No such situation exists in this case as in the Maryland case. The Maryland court relied on the case of Brown v. De Young, 167 Ill. 549, 47 N. E. 863, 866, in support of the view that the decree should afford relief to the minority stockholders only. The defendants here rely also on that case in support of their contention that a decree of like kind should be entered in this cause. In Brown v. De Young, a decree awarding the entire recovery to the corporation would have indirectly compensated a large stock interest *91owned by Houston, who was not a defendant, “by whose participation and acquiescence the very inequity complained of was committed.” That is not the case here, for if it cannot be said that any one among those whose participation and acquiescence contributed to the wrong will share in the proceeds of its correction, except as the paying defendants themselves own stock in the corporation. They of course will share in the recovery to the extent that they own stock. That, however, is a mere incident to the ownership of stock, and so is unobjectionable. It amounts to their reimbursing themselves. The stockholders in the present case whom the defendants would exclude as indirect beneficiaries took no part in the acts complained against. The most they have done is to say, by their votes at a meeting convened after it was fairly evident that the case against the defendants was probably going to result in a recovery, that they did not want the corporation to be benefited regardless of its needs or prudential necessities. That is the only just interpretation which is to be put on their votes in favor of ratifying, approving and confirming the acts of the directors in respect to the matters complained against in this suit. The case, then, does not come within the principle of either Matthews v. Headley Chocolate Co., supra, in Maryland, or Brown v. De Young, supra, in Illinois. With respect to Brown v. De Young, it is to be noted further that the Illinois Supreme Court refused to approve a decree similar to the one entered in that case, in Voorhees v. Mason, 245 Ill. 256, 265, 91 N. E. 1056. In Avery v. Central Bank of Kansas City, 221 Mo. 71, 119 S. W. 1106, 1112, it was said that Brown v. De Young, supra, “rides off on a peculiar state of facts.”
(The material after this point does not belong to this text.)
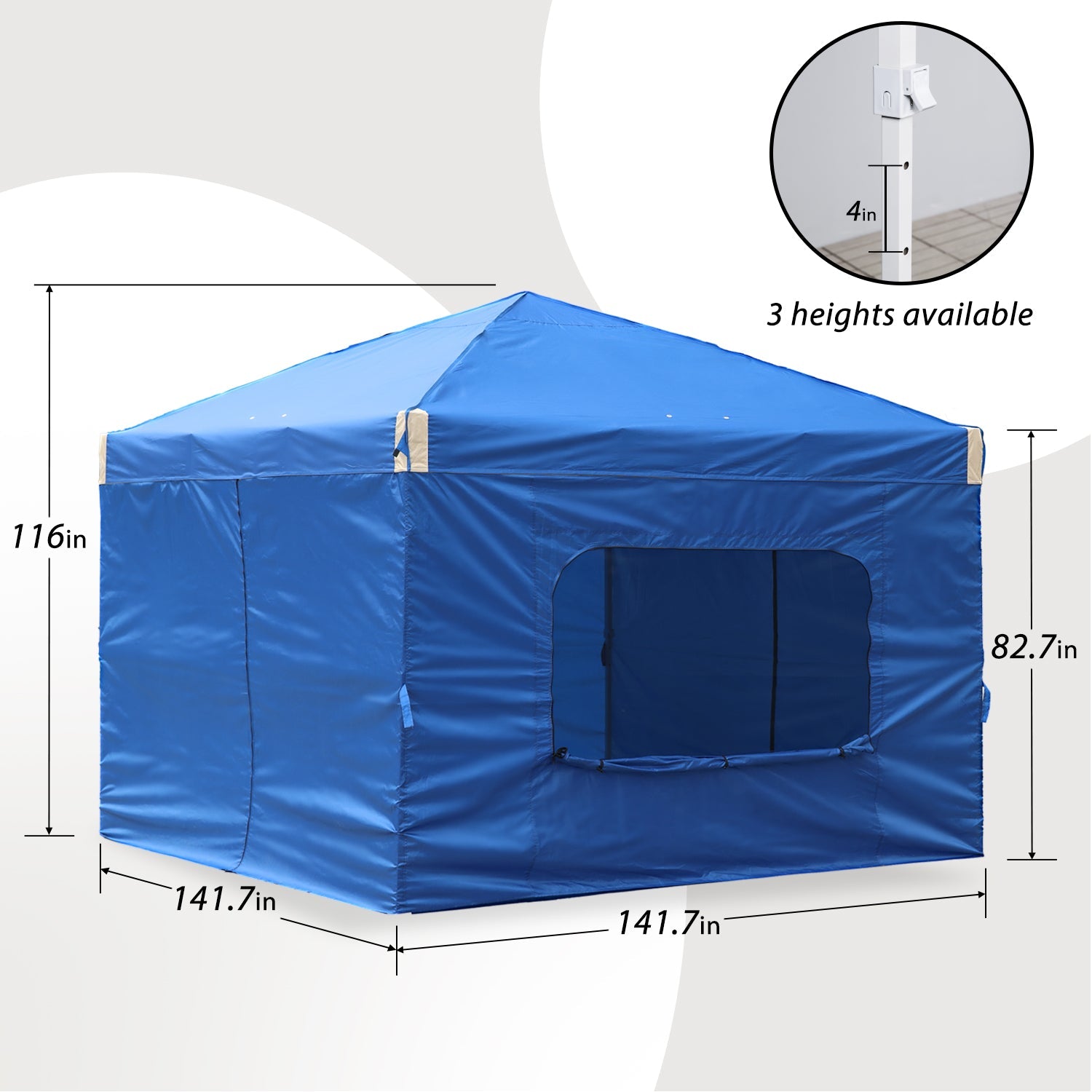 Pop Up Canopy Tent with Removable Mesh Window Sidewalls Gazebo part Aoodor LLC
The defendants cite a group of cases which I shall not pause to review which hold that where a stockholder had acquiesced in the wrongs complained of, he will not be heard to object in behalf of the corporation in a suit to repair those wrongs. Those cases, however, do not appear *92to me to be pertinent to the present controversy. While such a stockholder may be estopped from filing a suit in behalf of the corporation, the fact that he may reap indirect benefit from a derivative suit filed by another stockholder who is under no estoppel, will have no adverse effect upon the suit by the latter. Morawitz on Corporations, (2d Ed.) §§ 262, 272.

The decree should adjudge the corporation to be entitled to restitution in the amount indicated in the prior opinion.